The loan originator, David Eghbali, worked from 2013 to 2015 out of a Wells Fargo office. He is accused of an illegal mortgage fee-shifting scheme. The CFPB found that Eghbali worked a deal with an escrow company to shift its fees from some customers to others to facilitate no-cost refinances. The CFPB asserts this is illegal.
The CFPB cited RESPA in its consent order. Section 8 prohibits referrals where a “thing of value” is exchanged. “No person shall give and no person shall accept any fee, kickback or thing of value pursuant to any agreement or understanding” that is “part of a real estate settlement service involving a federally related mortgage loan.” The consent order claims that Eghbali received a discount from the escrow company that was “of value” to him since it would “ultimately increase the number of loans he closed, increasing his commissions.”
The CFPB’s interpretation of RESPA would seem to suggest that any negotiation between an originator and an escrow company, title company or other provider is suspect. The right to contract is implicated if these entities are not free to vary their rates for originators that they prefer to deal with. Indeed, if any discrepancy in rates is suspicious, then the book of business of every loan orginator in America is subject to CFPB scrutiny. The CFPB is making no claim that any loan customer could have gotten a better rate than they did from Eghbali, nor that any cash went into Eghbali’s pocket. The “thing of value” is the increased business Eghbali hoped to earn.
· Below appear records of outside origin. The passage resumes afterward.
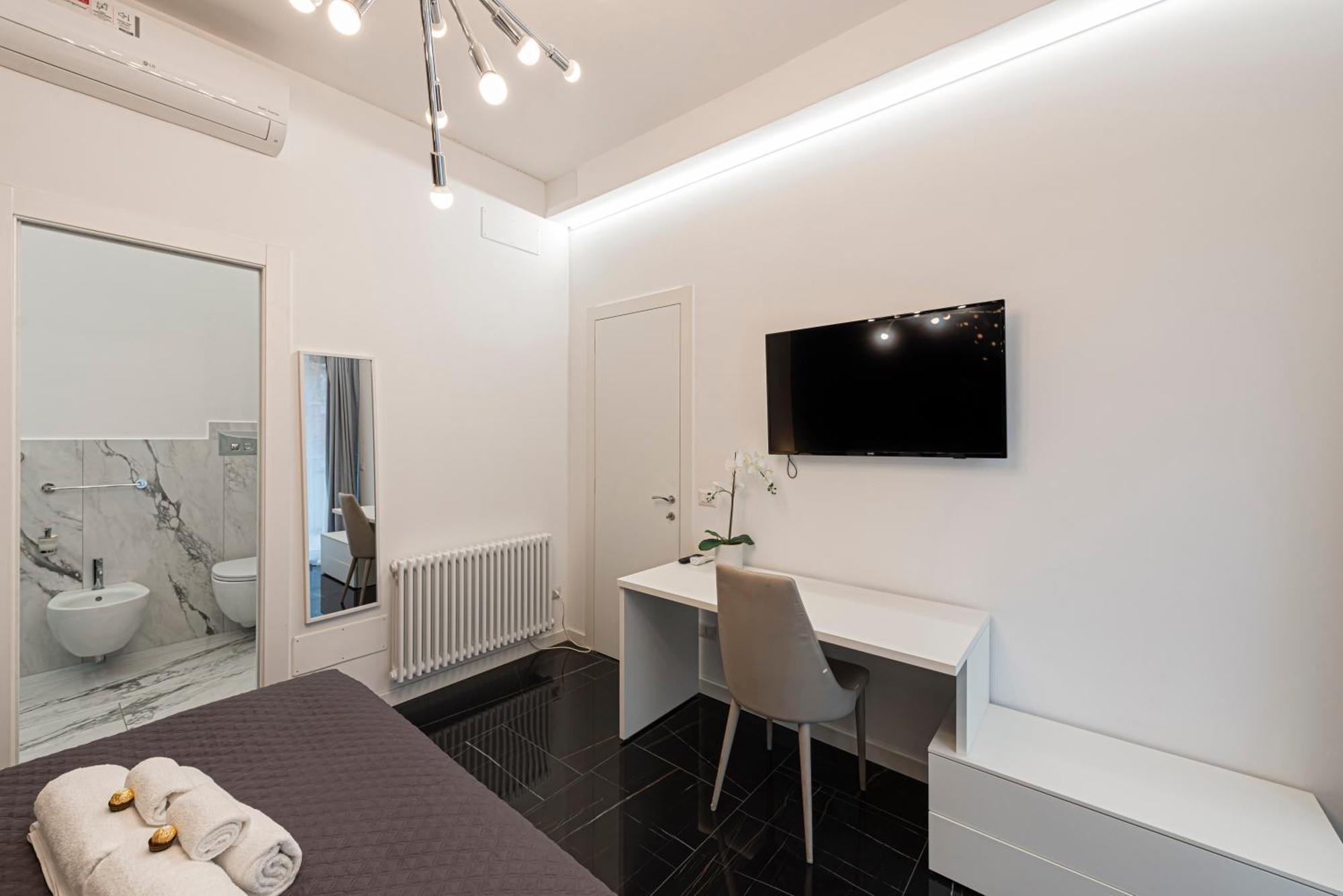 Casa Malupa Luxury Apartments Rom Eksteriør billede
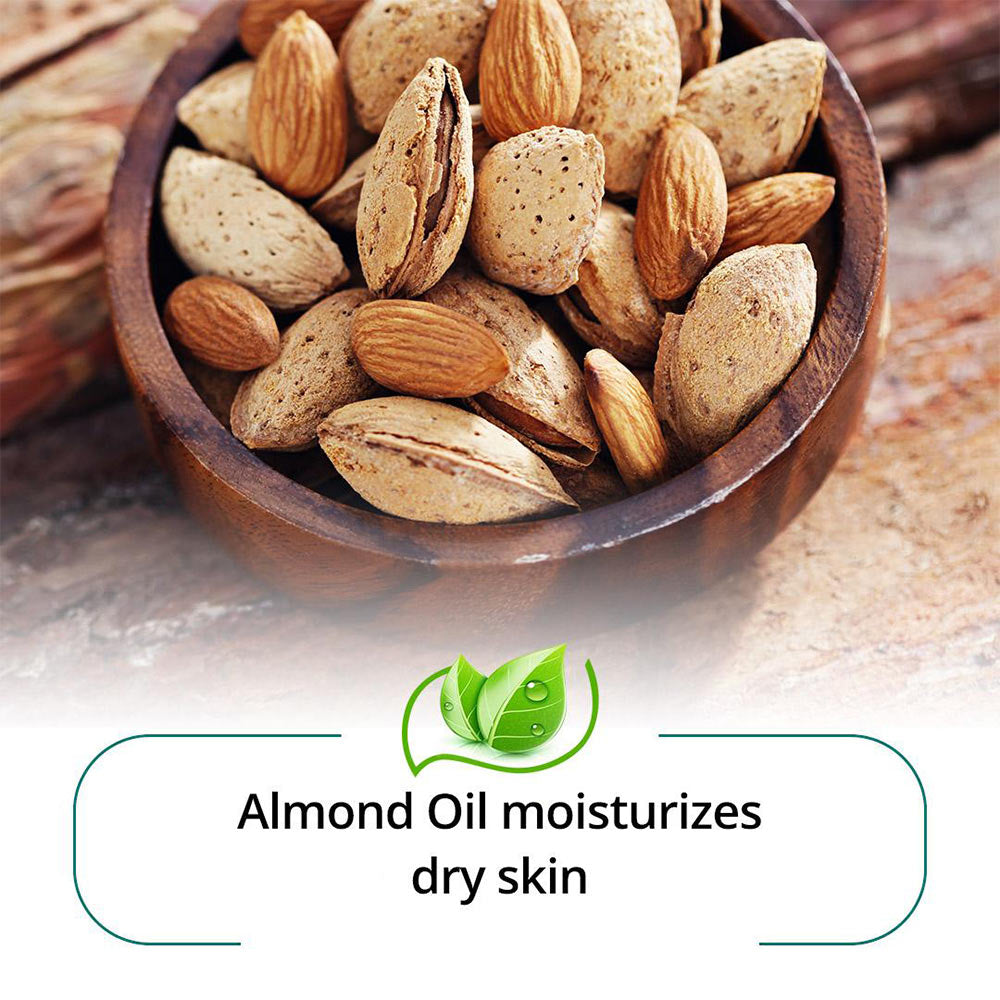 Himalaya - Herbals - Moisturizing Soap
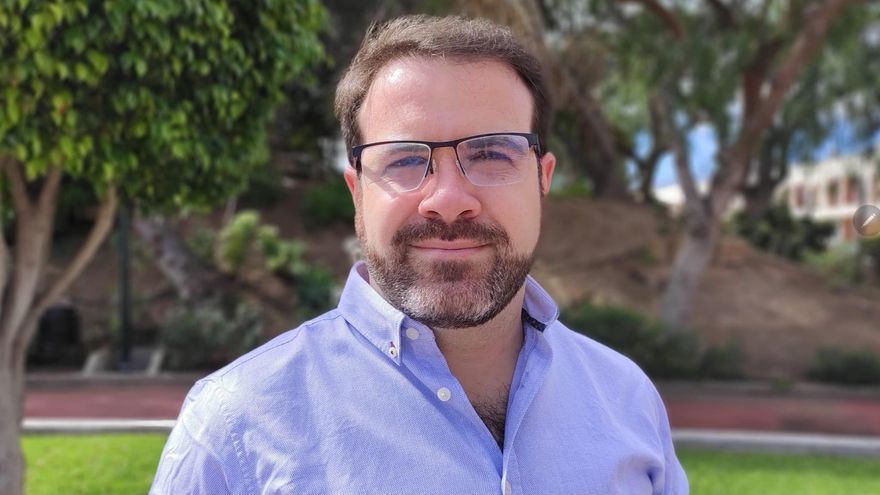 Daniel Castillo, historiador de la ULPGC: “Los niveles de analfabetismo en Canarias eran los más altos del Estado en vísperas de la Segunda República”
Curiously, the CFPB went after Eghbaldi but not the escrow company he negotiated with, and not Wells Fargo. Eghbaldi is defiant. “I am deeply shocked that the CFPB chose to pursue a regulatory action against me on a novel and frankly bizarre theory—that obtaining low or zero fee escrow services for certain of my clients somehow delivered an improper ‘benefit’ to me at the expense of my clients,” he said. “I was bullied into entering the consent order because the CFPB left me no other reasonable choice. The extraordinary cost of fighting these allegations in prolonged litigation against such a powerful federal agency was not possible for an individual in my circumstance.”